### [Dataset section]
· · · ·
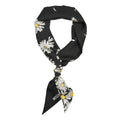 Foulard di seta con motivo #nero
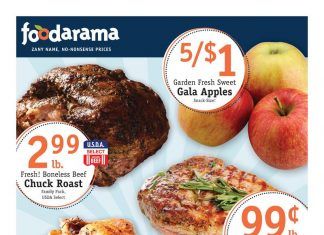 Foodarama Weekly Ad Jan 15 – Jan 21, 2020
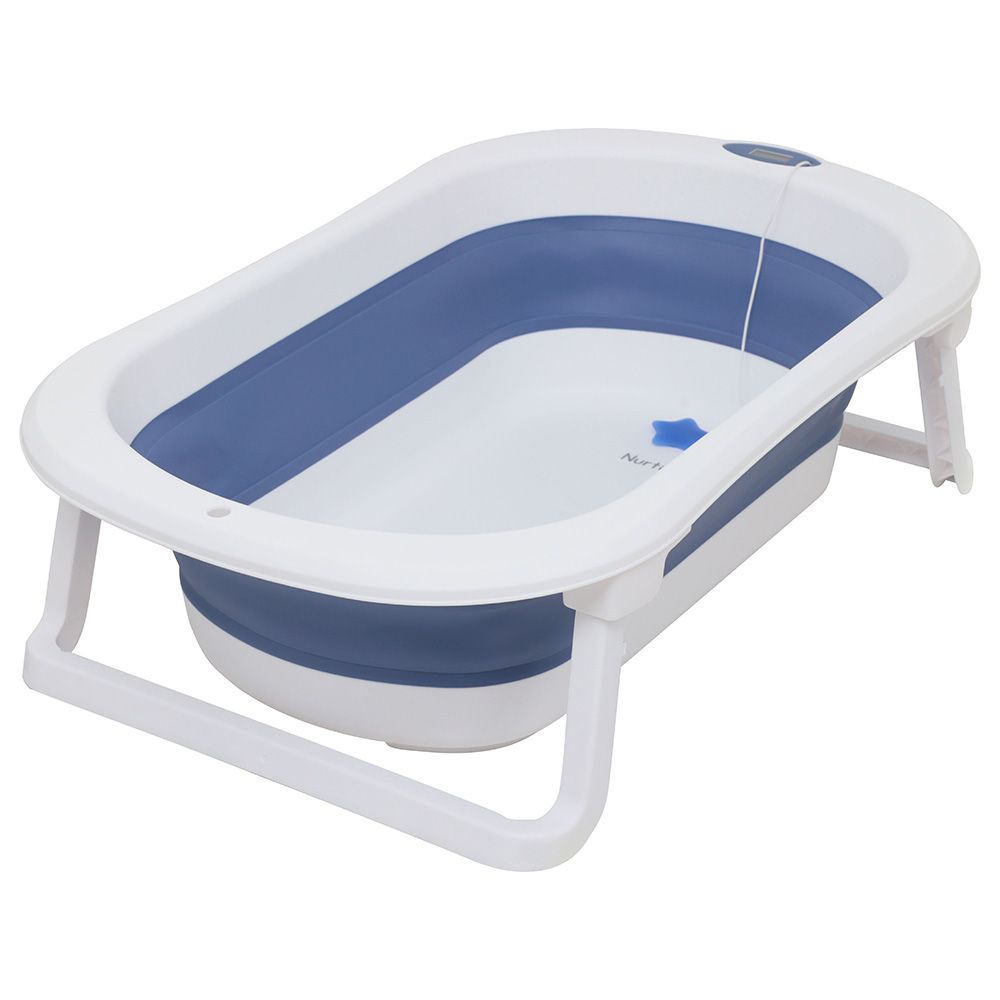 Nurtur - Foldable Baby Bathtub w/ Digital Temperature Display - Blue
· · · ·
### [What you should do]
Copy the material exactly as written and leave every picture behind.

### [Output]
 Foulard di seta con motivo #nero
 Foodarama Weekly Ad Jan 15 – Jan 21, 2020
 Nurtur - Foldable Baby Bathtub w/ Digital Temperature Display - Blue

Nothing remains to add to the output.